Pulmonary Vasculitis (Necrotizing granulomatous vasculitis, Churg-Strauss syndrome, Microscopic polyangiitis)

What every physician needs to know:

Pulmonary vasculitis is characterized by inflammation and destruction of pulmonary vasculature with subsequent tissue necrosis. These disorders can be divided into those that are part of a systemic autoimmune vasculitis and secondary cases. Secondary pulmonary vasculitis can be associated with a number of diverse etiologies, including infection, drug reactions, connective tissue disease, and malignancy. Systemic lupus erythematosus, mixed connective tissue disease, and antiphospholipid syndrome are the common connective tissue diseases associated with pulmonary vasculitis.

Systemic vasculitis is traditionally divided into large-vessel, medium-vessel, and small-vessel vasculitis. Pulmonary vasculitis affects small vessels—principally capillaries, but also arterioles and venules. More recently the small-vessel vasculitides have been divided into antineutrophil cytoplasmic antibody (ANCA)-associated vasculitides (AAV) and immune-complex mediated vasculitides.

The AAV include granulomatosis with polyangiitis (GPA, formerly Wegener’s granulomatosis), eosinophilic granulomatosis with polyangiitis (EGPA, formerly Churg-Strauss Syndrome), and microscopic polyangiitis (MPA). They are systemic vasculitides that may include pulmonary vasculitis. There is also a lung-only AAV termed isolated pauciimune pulmonary capillaritis. The immune complex mediated vasculitides are Henoch-Schönlein purpura, IgA nephropathy, Behçet’s disease, and essential cryoglobulinemia. As they do not typically have lung manifestations except in extremely rare cases, they will not be the focus of this chapter.

The diagnosis of vasculitis is a challenge because of the significant overlap in clinical, radiographic, and laboratory features with multiple disease processes, particularly infection and drug reactions. As a result, there is often a delay in establishing the diagnosis of vasculitis. Once a diagnosis of vasculitis is established, immunosuppressive therapy is usually required.

The intensity of the immunosuppressive therapy is determined by disease severity and the degree of organ damage at the time of diagnosis. Therapy is initially geared toward inducing remission, followed by maintenance therapy with frequent evaluation for drug toxicity, infectious complications, and disease relapse.


See Table 1.

Table 1.
Primary Vasculitis

Small-vessel vasculitis

Necrotizing granulomatous vasculitis (NGV)
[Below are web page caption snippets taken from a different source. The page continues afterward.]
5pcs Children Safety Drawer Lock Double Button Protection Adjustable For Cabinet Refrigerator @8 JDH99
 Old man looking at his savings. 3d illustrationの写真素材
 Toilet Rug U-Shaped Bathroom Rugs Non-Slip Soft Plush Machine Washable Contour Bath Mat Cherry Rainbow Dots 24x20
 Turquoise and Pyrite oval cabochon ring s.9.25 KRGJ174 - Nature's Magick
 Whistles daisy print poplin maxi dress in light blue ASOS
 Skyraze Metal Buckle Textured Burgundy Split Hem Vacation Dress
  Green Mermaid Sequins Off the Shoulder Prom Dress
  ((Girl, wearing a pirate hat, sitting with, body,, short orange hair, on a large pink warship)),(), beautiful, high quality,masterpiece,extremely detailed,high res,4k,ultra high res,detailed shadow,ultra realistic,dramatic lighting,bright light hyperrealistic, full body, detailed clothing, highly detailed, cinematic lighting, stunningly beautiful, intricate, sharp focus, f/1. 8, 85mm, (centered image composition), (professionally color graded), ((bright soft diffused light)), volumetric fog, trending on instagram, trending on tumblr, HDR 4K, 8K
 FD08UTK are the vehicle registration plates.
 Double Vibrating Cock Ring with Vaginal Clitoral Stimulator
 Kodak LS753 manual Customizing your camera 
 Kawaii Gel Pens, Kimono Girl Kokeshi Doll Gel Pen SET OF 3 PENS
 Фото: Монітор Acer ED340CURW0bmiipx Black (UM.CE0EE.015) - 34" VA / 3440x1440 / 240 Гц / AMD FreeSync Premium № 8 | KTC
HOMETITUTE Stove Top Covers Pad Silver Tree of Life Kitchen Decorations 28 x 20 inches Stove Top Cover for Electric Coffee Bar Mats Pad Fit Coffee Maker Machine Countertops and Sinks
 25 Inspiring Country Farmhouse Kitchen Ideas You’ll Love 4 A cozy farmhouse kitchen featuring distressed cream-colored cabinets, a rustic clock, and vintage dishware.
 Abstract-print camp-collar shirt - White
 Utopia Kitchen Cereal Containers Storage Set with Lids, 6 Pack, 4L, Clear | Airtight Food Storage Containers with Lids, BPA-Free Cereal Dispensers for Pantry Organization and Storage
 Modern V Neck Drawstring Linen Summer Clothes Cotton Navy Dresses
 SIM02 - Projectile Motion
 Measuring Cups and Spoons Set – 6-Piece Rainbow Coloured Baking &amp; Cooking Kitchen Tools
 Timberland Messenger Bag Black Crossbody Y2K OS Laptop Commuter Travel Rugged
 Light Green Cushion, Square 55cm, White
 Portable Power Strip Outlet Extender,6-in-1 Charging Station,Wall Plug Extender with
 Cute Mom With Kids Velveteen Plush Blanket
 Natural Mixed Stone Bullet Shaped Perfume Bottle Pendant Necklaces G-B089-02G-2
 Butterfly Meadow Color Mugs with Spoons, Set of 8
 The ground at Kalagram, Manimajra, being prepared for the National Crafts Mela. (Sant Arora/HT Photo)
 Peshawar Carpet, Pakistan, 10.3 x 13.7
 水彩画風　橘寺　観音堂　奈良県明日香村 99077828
Microscopic polyangiitis (MPA)

Churg-Strauss syndrome (CSS)

Medium-vessel vasculitis

Polyarteritis nodosa

Kawasaki disease

Large-vessel vasculitis

Takayasu arteritis

Giant cell arteritis

Immune-complex mediated vasculitis

Goodpasture’s syndrome

Henoch-Schönlein purpura

Behçet’s disease

Essential cryoglobulinemia

IgA nephropathy

Secondary vasculitis Autoimmune Disease
Rheumatoid arthritis
Antiphospholipid antibody syndrome
InfectionDrug-inducedInflammatory bowel diseaseHypocomplementemic urticarial vasculitisParaneoplastic

Are you sure your patient has pulmonary vasculitis? What should you expect to find?

The diagnosis of systemic vasculitis can be challenging to make, as the symptoms can be nonspecific, and so a high index of suspicion is required to make the diagnosis. The most common manifestation of pulmonary vasculitis is diffuse alveolar hemorrhage (DAH). DAH in conjunction with other manifestations of systemic vasculitis (see section below on common findings) should trigger a workup to establish a diagnosis. DAH is the manifestation common to all types of systemic vasculitis, but it is not always present. Other findings of pulmonary vasculitis, described below, include pulmonary nodules, cavities, and asthma.

What are the most common findings associated with pulmonary vasculitis?

Diffuse Alveolar Hemorrhage

The predominant clinical manifestation of pulmonary vasculitis is DAH. Though hemoptysis is the most frequent symptom of DAH, about a third of patients do not present with hemoptysis. Non-specific infiltrates seen on CXR or CT scan in a patient who is short of breath may often be the only clue of DAH. A bronchoscopy should be performed in cases of suspected DAH, and serial bronchoalveolar lavages (BAL) should get progressively bloodier. Microscopic evaluation of the BAL fluid yields hemosiderin-laden macrophages.

Cavitary or Nodular Lung Disease

Nodular or cavitary lung diseases are most commonly caused by infection or malignancy. However, in the appropriate clinical setting, these findings may suggest AAV, specifically GPA. Evidence that nodular or cavitary lung disease is not the result of malignancy or infection significantly raises the possibility of vasculitis.

Upper Airway Disease

Upper airway disease, including otitis, sinusitis, and rhinitis, is present in > 90% of patients with GPA. Tracheal stenosis is present in 10-30% of patients, and ulcerative or destructive lesions should alert the clinician to the possibility of vasculitis. Tracheobronchial and endobronchial lesions occur in 10-50% of patients with GPA.

Adult Onset Asthma

Asthma with eosinophilia is a near-universal finding in EGPA that often presents several years prior to the diagnosis of vasculitis. Asthma that is steroid-dependent or refractory to standard medical therapy can suggest the diagnosis.

Extrapulmonary Manifestations of Systemic Vasculitis

Systemic vasculitis can cause nonspecific constitutional symptoms such as fever, weakness, and weight loss. In addition, the kidneys, nervous system, and skin are also common target organs in all AAV.

Rapidly progressive glomerulonephritis (RPGN) is characterized by a 50% loss of renal function in less than 3 months and by histopathology revealing crescents in a least half of glomeruli. When renal failure and microscopic hematuria are seen, a microscopic examination of urine should be performed to look for red blood cell casts. Disorders that present with pulmonary-renal syndrome, a combination of RPGN and DAH, include AAV, SLE, and Goodpasture’s syndrome. RPGN is nearly always present in MPA, only rarely in EGPA, and sometimes in GPA. Notably, there are many other causes of RPGN that have no lung involvement.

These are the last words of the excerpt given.